Indeed, we hear so much about this new app world that we forget that just a few years ago there were barely a few hundred consumer applications available. Back in the day you had to go to a brick and mortar store to buy software. This was annoying for consumers but also was a huge barrier to entry for app developers because application distribution was expensive, requiring a lot of logistics and was a rather closed network.

Then arrived what has become totally integrated into our wired lives: this new generation of app stores for your iPhone, Android phone, iPad, PC or Mac. Purchasing your apps over the Internet has now become mainstream. The number of potential customers for apps is increasing at an unbelievable pace. Research firm Forrester estimates that by 2015, 82.1 million Americans will have a tablet computer, up from 10.3 million in 2010. Of course, developers are now flocking to the market bringing hundreds of thousands of apps with them. Now the next challenge for them is how they can help you find their app and convince you that you need it.

Like any market there are trends and hype influenced by cool marketing campaigns or influential users (think Instagram and Color). Fotopedia is dancing to a different rhythm. The team believes that to survive in the long haul you have to think about key points like the quality of software without compromising design. Their approach to the app market is to leverage their strong technical foundation, not focusing on what is hot but on a vision that Jean-Marie Hullot has had for many years. Embracing technology is necessary but the relationship with photographers is also essential. Not only is Fotopedia building a new model for building apps, but they are also stirring up another industry, photo publishing.

Every photographer is credited in their applications, citing the different licenses the pictures are distributed with. I bought the “Memory of Colors” app but Heritage on my iPad is free. The revenues are redistributed to the contributors, but free isn’t a bad word either: “the free app is also a new way to expose your work, becoming a name and identified, to diffuse your pictures.”

The Free/paid app is not the only model to make money in this business. Jean-Marie Hullot says “there are have many things to reinvent and to create in the publishing industry”. e.g. Fotopedia has already been contacted by many big companies in the travel industry. Several months ago they released their app for American National Parks, free only the first day, to a resounding 200,000 downloads in 24 hours. When users enjoy their experience they are curious and become eager to discover their other apps. With over 2 million downloads, Fotopedia’s site gets 1 million visitors a month.

Fotopedia is building a brand with name recognition that is renown for the quality of its content and ease of use. Ring any bells? This doesn’t come as a s a surprise when you know that most of the team spent time at Apple at some point or another in their career. They are building the apps that you will regularly buy just like you used to regularly buy coffee table books, offering a virtual, beautiful tour of the world, enabling us to explore “pictures with a soul” says Christophe Daligault, the Senior Vice President of Fotopedia.
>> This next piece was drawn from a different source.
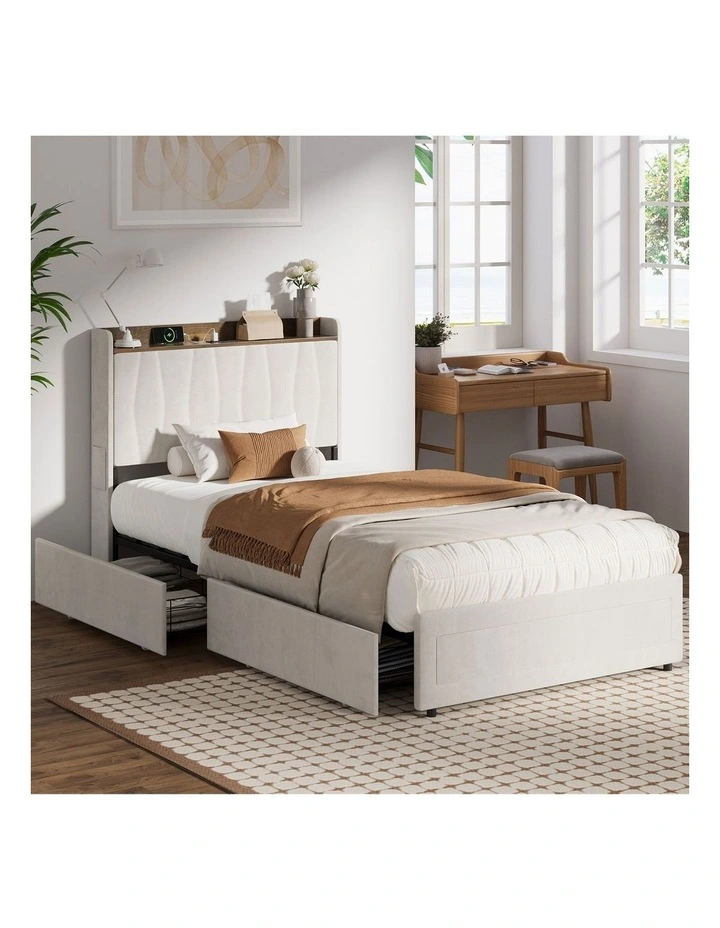 Oikiture Bed Frame King Single Size with 4 Drawers Charging Station USB Ports Beige image 4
This passion for excellence allows Fotopedia to be present on a global scale. Europe accounts for 33% of its downloads, North America 32% and Asia 23%. This last market has a huge potential. Jean-Marie Hullot sees China as the next big opportunity with a population opening its eyes to the world. In the first 24 hours, Fotopedia Paris had 80,000 Chinese downloads.

“Photography alone of the arts, seems perfected to serve the desire humans have for a moment-tis very moment-to stay,” says photographer Sam Abell.

Fotopedia has the same ambition: Founding a brand, beyond the hype that will last.